Sardinian cooking is its own world, distinct from the mainland. This is what to seek out, dish by dish, on your first trip.
The pasta you have to try
Start with culurgiones, the island's signature stuffed pasta from the Ogliastra region, plump parcels of potato, pecorino and mint pinched into a distinctive wheat-ear seam and usually served simply with tomato. They are handmade, comforting and unlike any pasta you will have had on the mainland. Order them wherever you see them done fresh.
Then there is malloreddus, little ridged gnocchi-shaped pasta often dressed alla campidanese with a sausage and saffron tomato sauce, and fregola, toasted semolina pearls that the coast loves to cook with clams. Each is humble, regional and deeply satisfying.
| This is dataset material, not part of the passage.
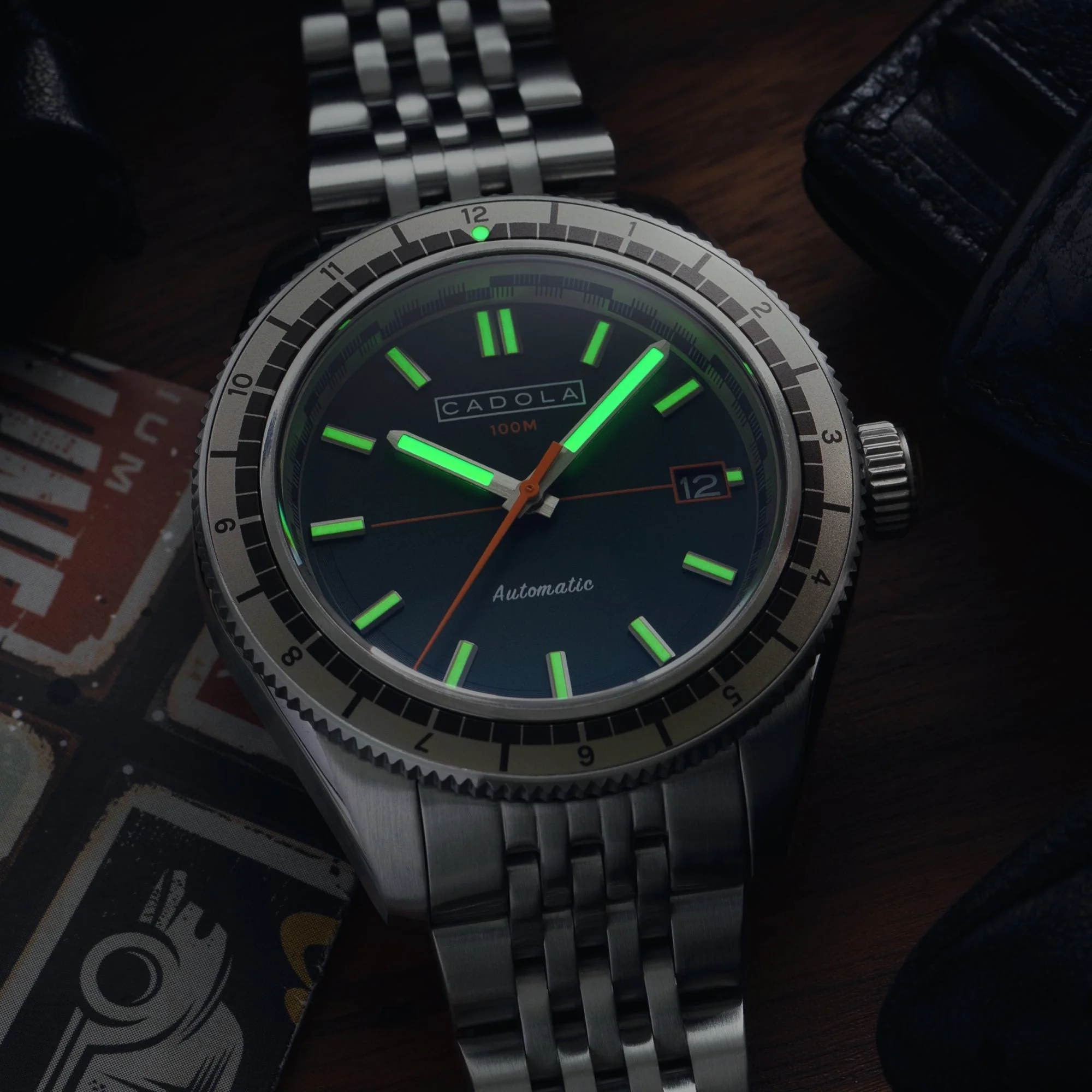 Ahrens Automatic Green / Stainless Steel | Green Dial - Image 4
Meat, bread and the long lunch
Inland Sardinia is shepherd country, and its great set piece is porceddu, suckling pig slow-roasted until the skin crackles, traditionally scented with myrtle. It is a celebratory dish best enjoyed at a proper agriturismo, where the meal arrives in generous, unhurried waves.
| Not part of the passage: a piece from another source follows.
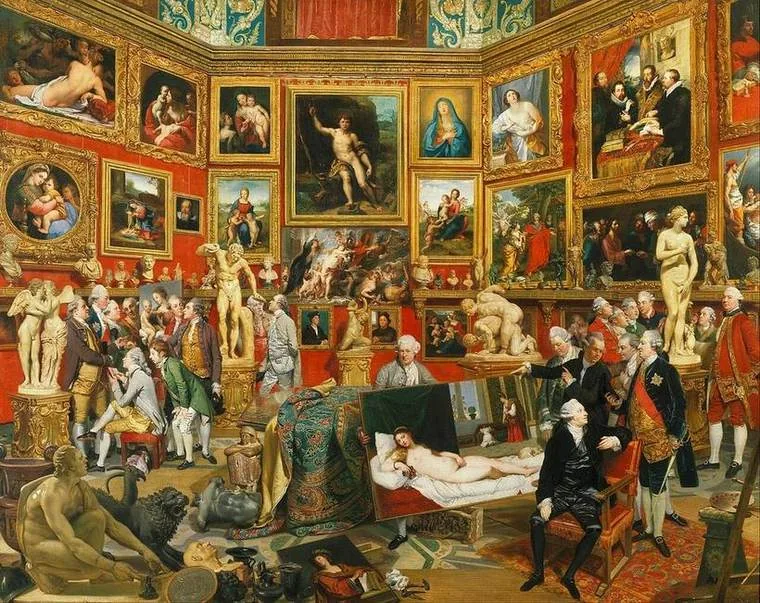 La Tribuna octogonal de la Galería Uffizi con sus obras maestras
Alongside comes pane carasau, the crisp, paper-thin flatbread also known as carta da musica, perfect for scooping and snapping. Drizzled with oil and salt and warmed, it becomes pane guttiau, an addictive table nibble you will keep reaching for.
Cheese, sea and bottarga
Pecorino sardo is everywhere and rightly so, from young and milky to sharp, aged wedges built for red wine. It turns up grated over pasta, cubed on a board, and tucked inside those culurgiones.
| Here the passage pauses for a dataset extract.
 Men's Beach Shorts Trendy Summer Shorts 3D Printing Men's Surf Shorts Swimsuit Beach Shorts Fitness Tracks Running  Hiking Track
From the sea, look out for bottarga, the cured grey mullet roe that is grated over spaghetti or sliced thin with oil, lending a salty, umami depth that locals adore. On the coast it is a point of pride, so try it at least once with a glass of crisp white.
Something sweet
Save room for seadas, warm pastry pockets filled with a mild fresh cheese, fried until golden and finished with a slick of bitter Sardinian honey. The contrast of warm, slightly tangy cheese and dark honey is the island's most beloved dessert.
You will also meet almond-rich biscuits and myrtle liqueur, mirto, served chilled as a digestivo. A small glass at the end of a long dinner is very much the local way to finish.
What to drink
Sardinia's signature red is Cannonau, a warm, generous grape made for the island's roasted meats and aged cheeses. Its white counterpart is Vermentino, fresh and citrusy, especially good from the Gallura hills in the north-east and a natural partner to seafood and fregola.
Self-catering gives you a happy advantage here: stock the fridge from a local enoteca or market, pick up some pecorino and pane carasau, and you can put together a faultless aperitivo on your own terrace before heading out to dinner.